What she needed was for all of this to go away. But it wouldn’t. And if she didn’t get some room to breathe in the next instant, she just might burst.
“There are lots of decisions to make,” Quinn said. “But none that have to be made this instant.”
“Go outside,” Brady said. “But put your jacket on, it’s snowing again.”
“Yes,” she said. “Yes, that’s what I need.”
“Take Cutter. Or rather,” Hayley amended, “don’t fight him going with you, since he’s already made up his mind.”
She glanced down to see the dog at her feet, looking up at her determinedly. She wasn’t certain that, even with his uncanny ability to comfort, the animal could help her with this, but he certainly couldn’t hurt. Nor would he expect her to talk, to make sensible thoughts out of the bedlam in her mind. And she marveled for a detached moment at how sanity could possibly seem more chaotic than her mind had been for the last few months.
But it wasn’t. Not rea
lly. Because one key element was missing. She was shocked, possibly in shock. She was reeling from possibility of the worst imaginable betrayal. She was feeling crushed by the weight of it all. And the thought of those decisions Quinn had mentioned was far beyond daunting.

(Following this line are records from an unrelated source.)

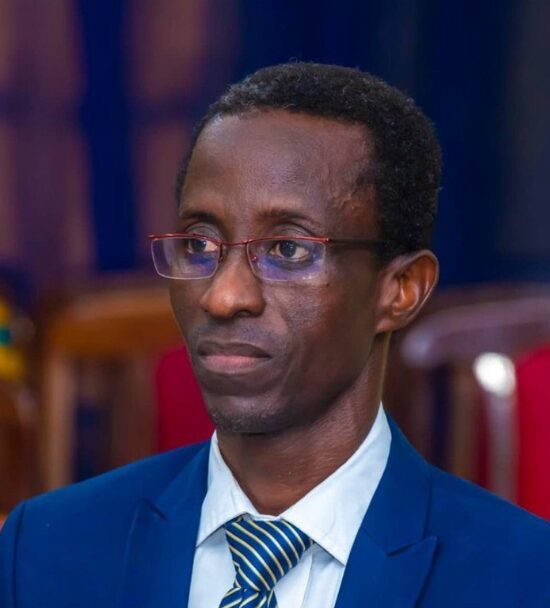 Meet University of Ibadan’s 14th VC, Peter Olapegba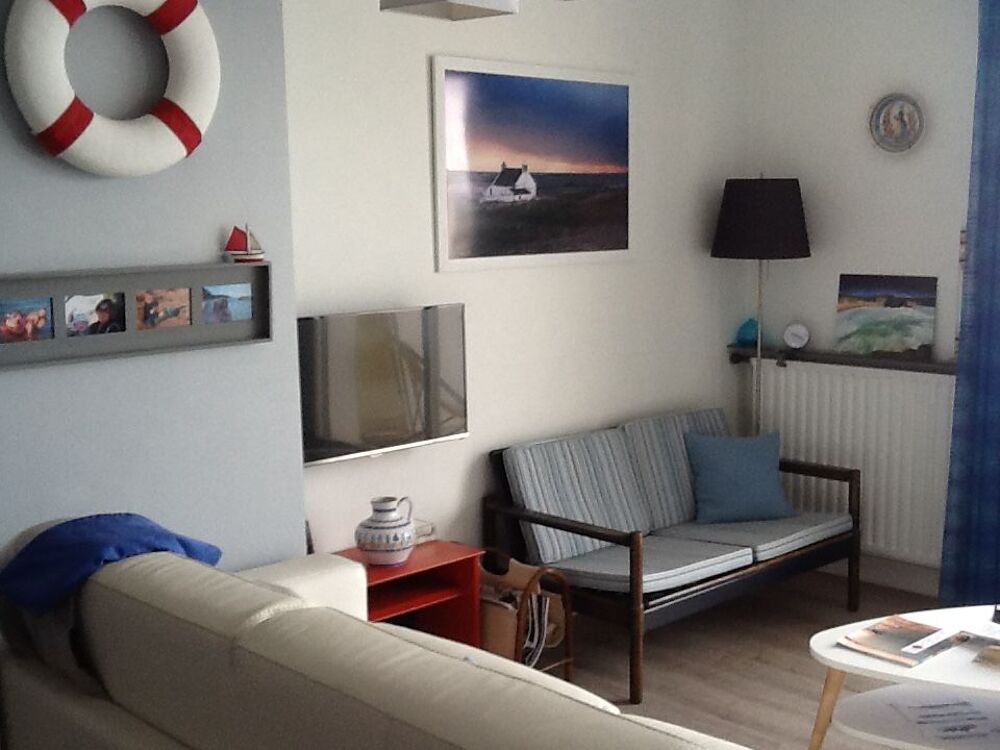   Loc appart tt confort Quiberon 6 couchages;super vue mer Bretagne, Quiberon (56170)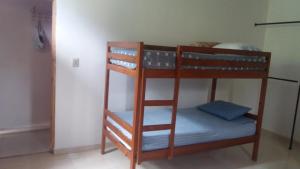 Postel nebo postele na pokoji v ubytování Ludisa House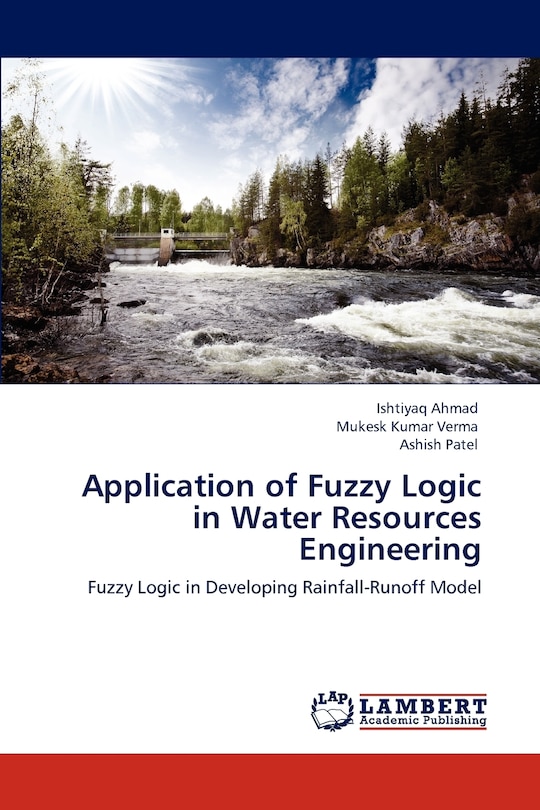 Front cover_Application of Fuzzy Logic in Water Resources Engineering
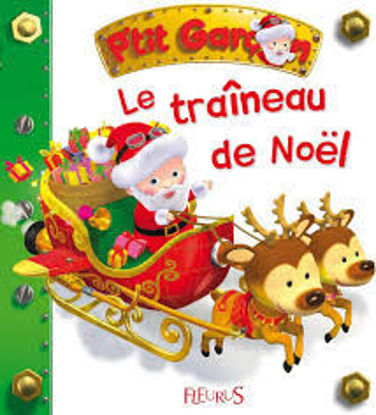Image de P'tit garçon, le traîneau de Noel 🐶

But she wasn’t afraid. Not anymore.
* * *
“None of this will stand up in court, will it.” It wasn’t really a question, because Brady already knew the answer.
He was pacing again, pausing at one end of his established track to glance outside and make sure Ash was all right.
“Cutter will see to her,” Hayley had assured him. “And make her come back inside if she gets too cold.” At Brady’s look, she had laughed. “He knows what shivering means.”
“Some will,” Quinn said in answer Brady’s observation. “Methods won’t.”
Brady rubbed the back of his neck. “I never liked the mayor much, but this…”
“Is beyond the pale? Unnatural?” Hayley suggested, her tone overflowing with revulsion.
“I was heading for perverted,” Brady said with a grimace. He turned on his heel to head back across the room and found Quinn in front of him.
“I need your opinion. Of all of us, except maybe Cutter, you’ve got the best read on Ashley.”
He blinked. “I do?”
One corner of the other man’s mouth quirked. “You do. For reasons you will eventually understand. But I need to know how much you think she can take.”
Brady drew back slightly. “Hasn’t she taken enough already?”
“More than anyone should have to, yes. But what I need to know is if the relief of learning she’s not descending into a mental hell is enough to counterbalance what we suspect about her mother.”
Brady’s brow furrowed as he studied the man who apparently had more expert resources at his fingertips than Brady had known existed. “To what end?” he finally asked. “Those decisions you mentioned?”
Quinn nodded. “If she wants to take legal action, we need to go one way. If she doesn’t, then some things become not a concern, and the goals change.”
Brady considered that for a moment. “You’re saying it’s her decision.”